Saturday, 3 March 2012

The Colour Green

In my green kitchen, beneath a window framed in green voile, sits a green pot plant - my cyclamen. Its leaves are full, and stretching toward the sunshine in the tiny courtyard beyond the glass. Draped extravagantly over the whitewashed courtyard walls is yet more green - laurel, ivy, unidentified climbing plants, courtesy of neighbours' overgrown gardens.

This is my favourite time of day to take in the contrast of those bright walls and abundant shrubbery, when the mid-morning sun comes through the leaves and makes their green all yellow-bright. My white walls are creamy, striped with the shadows of dangling branches, and lately a few pink flowers have appeared in one corner, a teasing splash of lurid colour. My cyclamen presses itself against the kitchen window, as if reaching toward its outdoor cousins. Stripes of sunlight respond, passing through glass and slanting along my walls and countertops, kissing the cyclamen leaves as they go.

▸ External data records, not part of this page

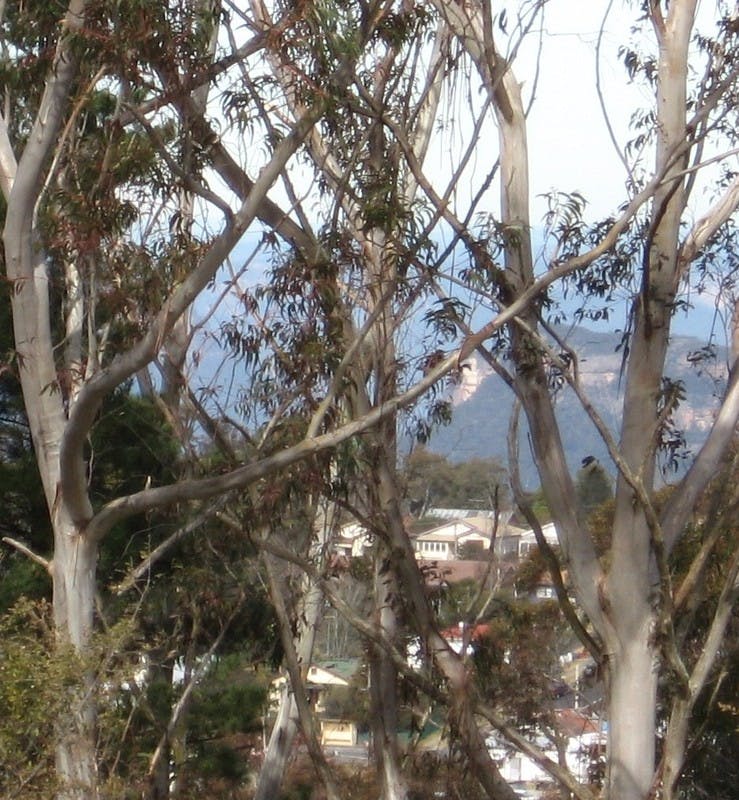 Iconic Mountain Ash at Katoomba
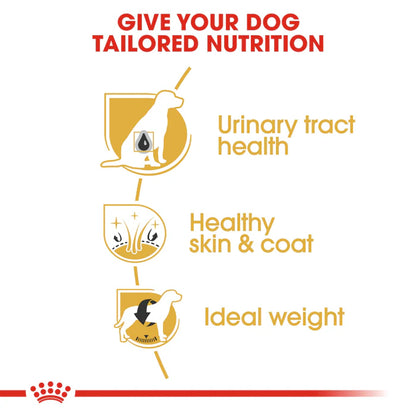 Royal Canin Bichon Frise Adult Dry Dog Food 1.5kg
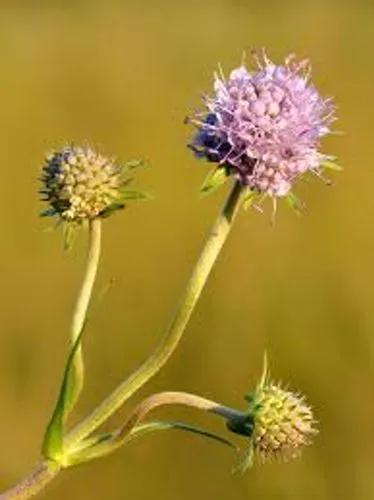 Devil'S-Bit, Devil'S-Bit Scabious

Green is the operative colour of the season, exploding in every corner of every garden, in the treetops, from the cracks in pavements. We are through the barren time, and life can no longer be contained but weaves freely around and back into its old familiar haunts. I know no other colour with so many shades, and so much power to evoke the most simple and sincere joy. Brand new green, deep rich green, ever-green, the green of watered lawns, of brookside rushes, of poplar avenues... it's almost too much to take in, this lifeblood colour pulsing through the veins of earth.

The local fields at dawn look like every untouched morning since the world began, their damp grass breathing pale mist. When you stand in them time slows, and all the history they've witnessed comes alive, old as the tree-buds are new.

Welcome, March!
Welcome, sun-blushed sky and pink-tipped hedgerows.
Welcome, baby blue cloud-scudded sky.
Welcome, clear brook, mirror of trees.
I'm so happy I'm here to see you...

I'm out of words, so here's Rossetti, and March's speech from 'The Months: A Pageant'.

***

I blow an arouse
Thro' the world's wide house
To quicken the torpid earth:
Grappling I fling
Each feeble thing,
But bring strong life to the birth.
I wrestle and frown,
And topple down;
I wrench, I rend, I uproot;
Yet the violet
Is born where I set
The sole of my flying foot,
 And in my wake
Frail windflowers quake,
And the catkins promise fruit.
I drive ocean ashore
With rush and roar,
And he cannot say me nay:
My harpstrings all
Are the forests tall
Making music when I play.
And as others perforce,
So I on my course
Run and needs must run,
With sap on the mount
And buds past count
And rivers and clouds and sun,
With seasons and breath
And time and death
And all that has yet begun.

* * * 

1 comment:

  1. Hurrah for green! I like to wander slowly too my lectures and admire all the plants (and cats) along the way :)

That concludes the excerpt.